Ik geloof niet in die krachten die het instituut kerk willen afbouwen. Ik zie het als weggooien van kind met badwater. En ze buigen – ben ik bang – voor de hang van de tijd naar individualisering. Ik laat me graag in met wat er in kerken gebeurt, want er is nog zoveel te ontdekken van hoe de Geest daar werkt. Het is denk ik maar net hoe je ernaar kijkt en wat je wilt of kunt zien. En, eerlijk is eerlijk, ik kijk met de bril van iemand die lang uit de kerk is weggeweest en er weer een thuis vindt.
Maar ik kan me, met respect voor iedereen die een positie als leider heeft, goed voorstellen dat dit wel steeds de vraag voor een leider blijft: welke rol speel ik hier eigenlijk? En daarom vind ik wat David Heek te berde brengt ook waardevol. Henri Nouwen raakt dit in zijn boekje ‘In de naam van Jezus’ ook aan. Een goede leider die Jezus volgt gaat de weg 1) van belangrijk zijn naar bidden, 2) van populariteit naar dienen en van 3) leiding geven naar geleid worden. Ik raad iedereen dit boekje graag aan. Het werpt een blik in je eigen ziel en leert de leider zo anders naar zichzelf en zijn of haar relaties kijken.

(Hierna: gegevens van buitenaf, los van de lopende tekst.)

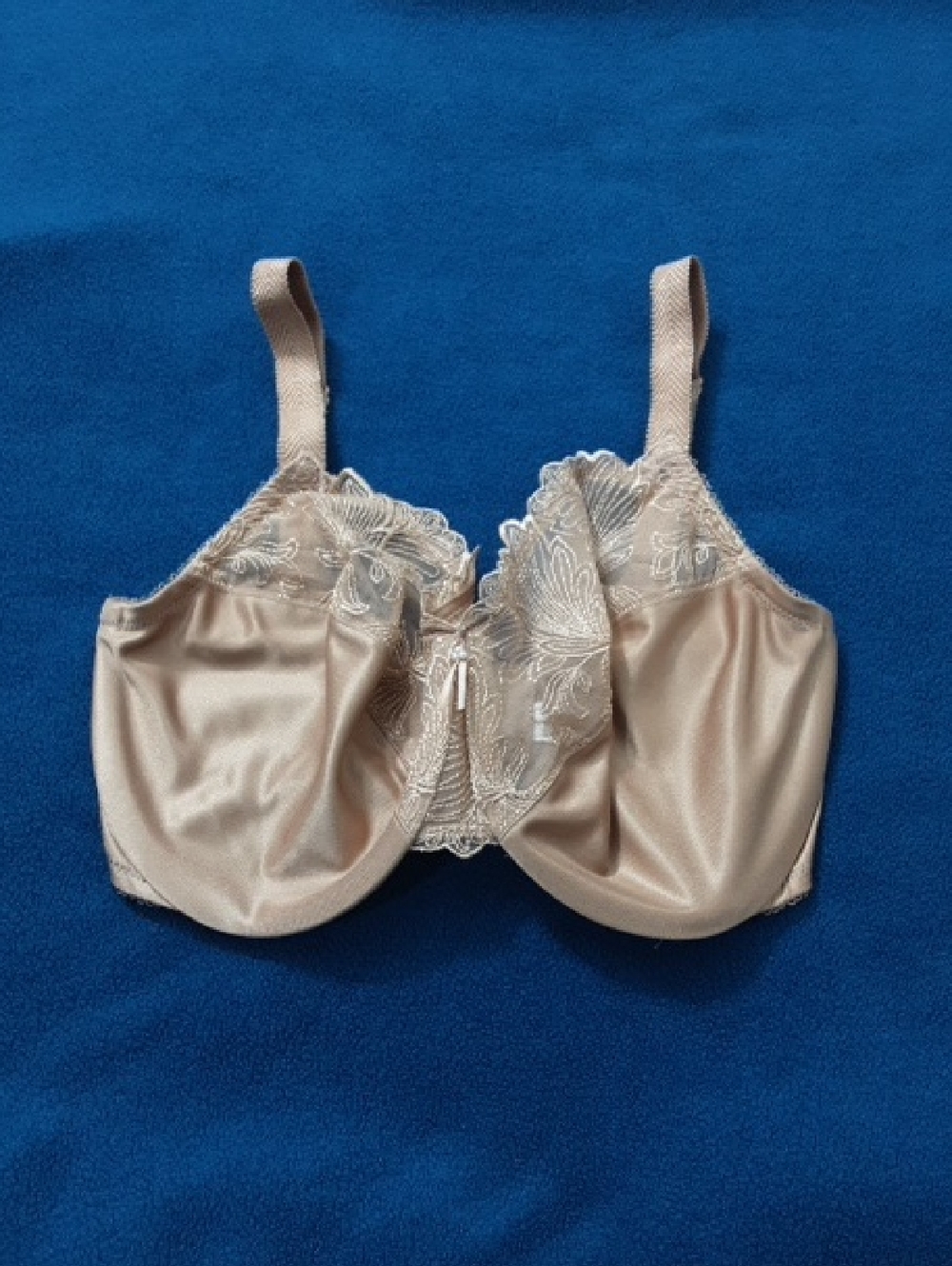 Wacoal Satin Lace Underwire Bra - Beige Size 34H.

Maar alsjeblieft, laat die kerk er gewoon mogen blijven. Met muren, met ambten, met het gedoe en al die diversiteit en krachten. Wat David wellicht ziet als over-ambtelijk en over-kerkelijk. Maar wat met een ontvankelijke blik ook gezien kan worden als werk van Gods Geest.

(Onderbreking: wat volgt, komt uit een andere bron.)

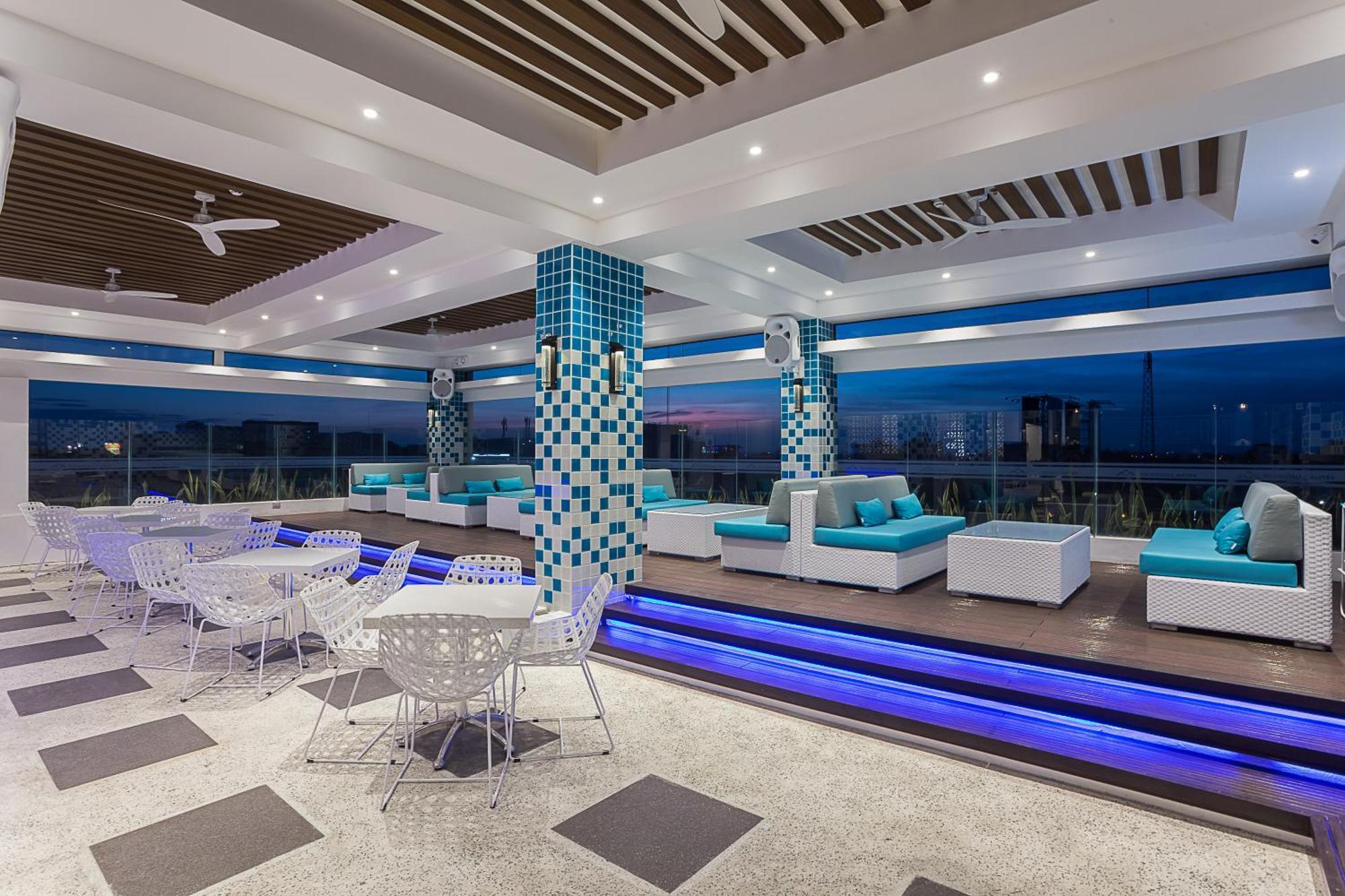 Stonehill Suites Баколод Экстерьер фото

Ik doe bij deze een oproep om goed nieuws te brengen over de kerk. Ik zie het zelf als een inspirerende oefening om vooral te letten op wat de Geest met mij en de mensen die ik ontmoet, doet. En als je dan goed kijkt, raak je niet snel uitgepraat over wat er in al die kerkgemeenschappen aan bijzondere dingen gebeurt. Juist in een tijd waarin zoveel nuttige structuur en samenhang verdwijnt.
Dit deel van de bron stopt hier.